[Information provided — start]

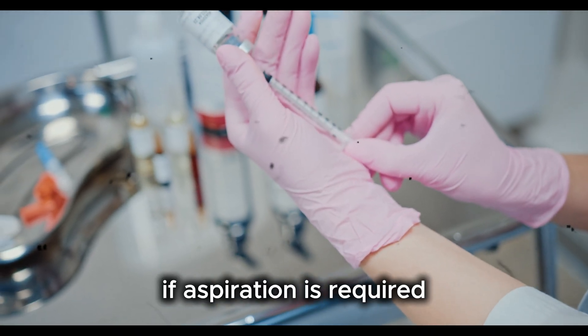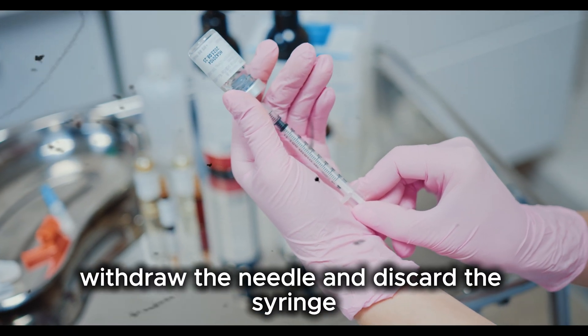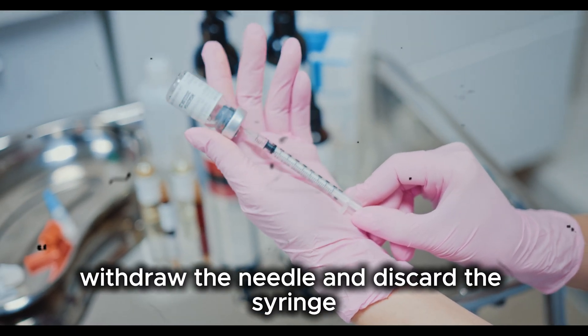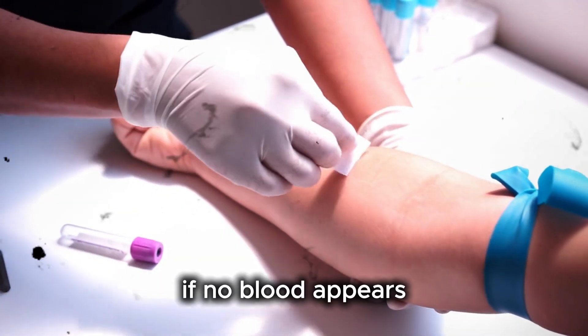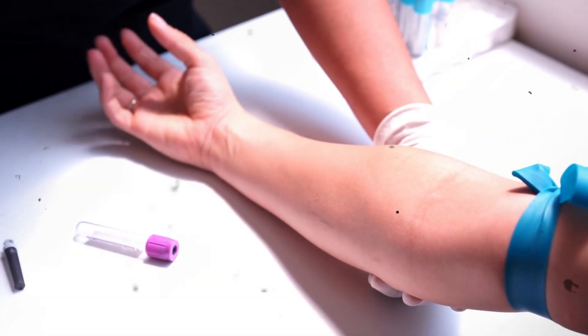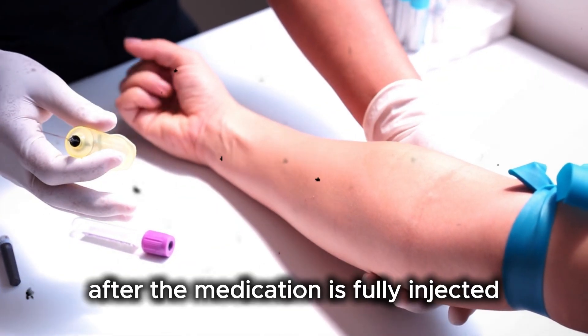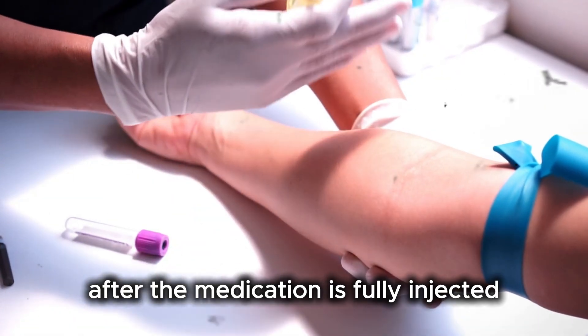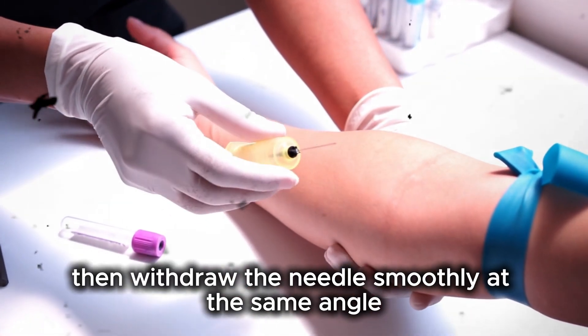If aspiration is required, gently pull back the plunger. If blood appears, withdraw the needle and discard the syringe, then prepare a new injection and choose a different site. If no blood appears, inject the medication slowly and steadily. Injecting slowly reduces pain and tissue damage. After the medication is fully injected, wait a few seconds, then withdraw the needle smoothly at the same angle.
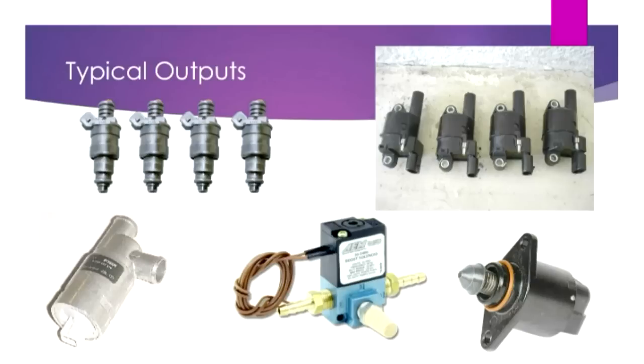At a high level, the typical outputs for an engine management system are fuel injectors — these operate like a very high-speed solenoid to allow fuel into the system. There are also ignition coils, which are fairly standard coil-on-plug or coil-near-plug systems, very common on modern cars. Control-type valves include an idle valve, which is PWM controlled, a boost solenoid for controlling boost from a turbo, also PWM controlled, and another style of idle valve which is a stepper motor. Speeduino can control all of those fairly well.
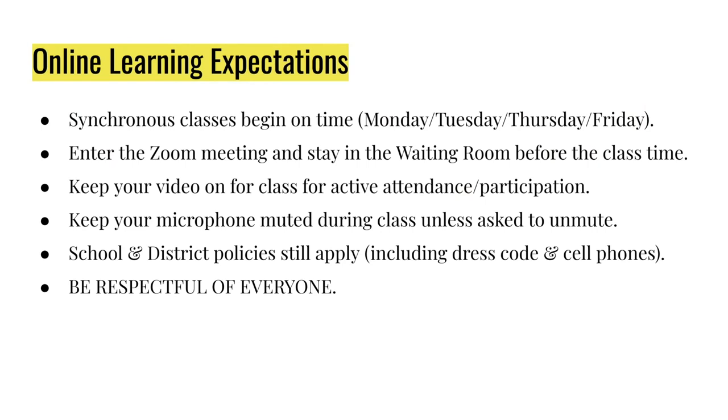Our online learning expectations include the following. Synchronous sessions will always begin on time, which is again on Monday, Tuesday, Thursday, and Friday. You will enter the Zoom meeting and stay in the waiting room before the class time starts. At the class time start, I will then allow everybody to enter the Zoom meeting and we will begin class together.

[Information provided — finish]
[Information provided — start]

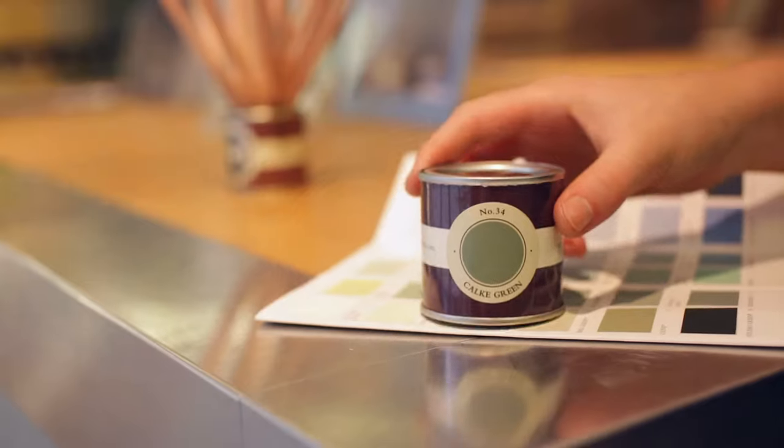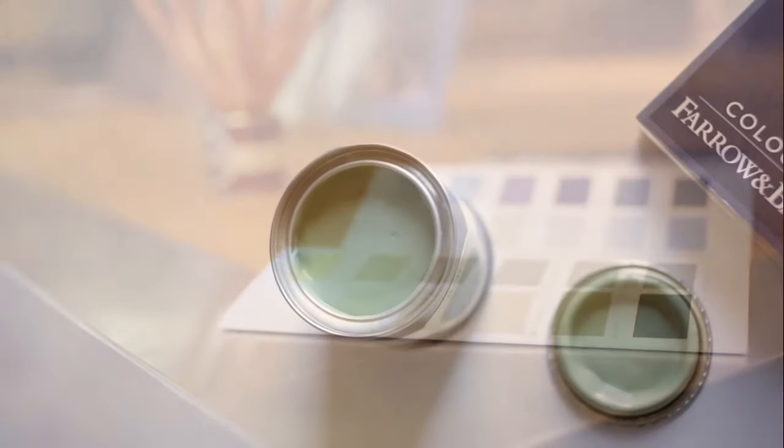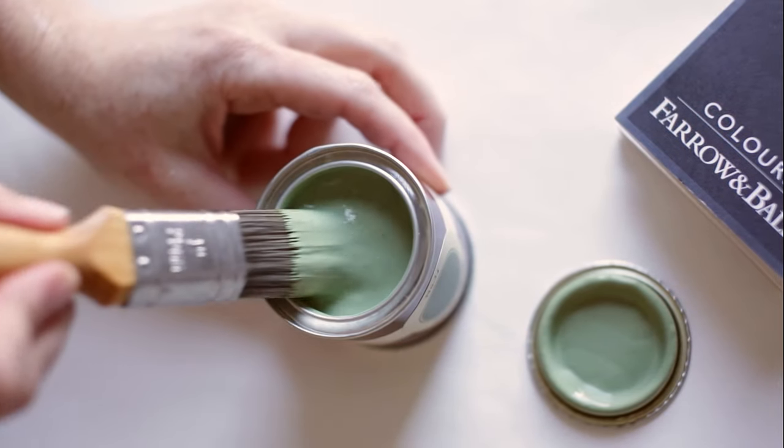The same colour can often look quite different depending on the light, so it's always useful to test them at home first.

[Information provided — finish]

__Problem description__
Each line between the one holding "If aspiration is" and the one holding "At a high level, the", inclusive, should be copied exactly as it appears above, and pictures should be omitted.

__Expected output__
If aspiration is required, gently pull back the plunger. If blood appears, withdraw the needle and discard the syringe, then prepare a new injection and choose a different site. If no blood appears, inject the medication slowly and steadily. Injecting slowly reduces pain and tissue damage. After the medication is fully injected, wait a few seconds, then withdraw the needle smoothly at the same angle.
At a high level, the typical outputs for an engine management system are fuel injectors — these operate like a very high-speed solenoid to allow fuel into the system. There are also ignition coils, which are fairly standard coil-on-plug or coil-near-plug systems, very common on modern cars. Control-type valves include an idle valve, which is PWM controlled, a boost solenoid for controlling boost from a turbo, also PWM controlled, and another style of idle valve which is a stepper motor. Speeduino can control all of those fairly well.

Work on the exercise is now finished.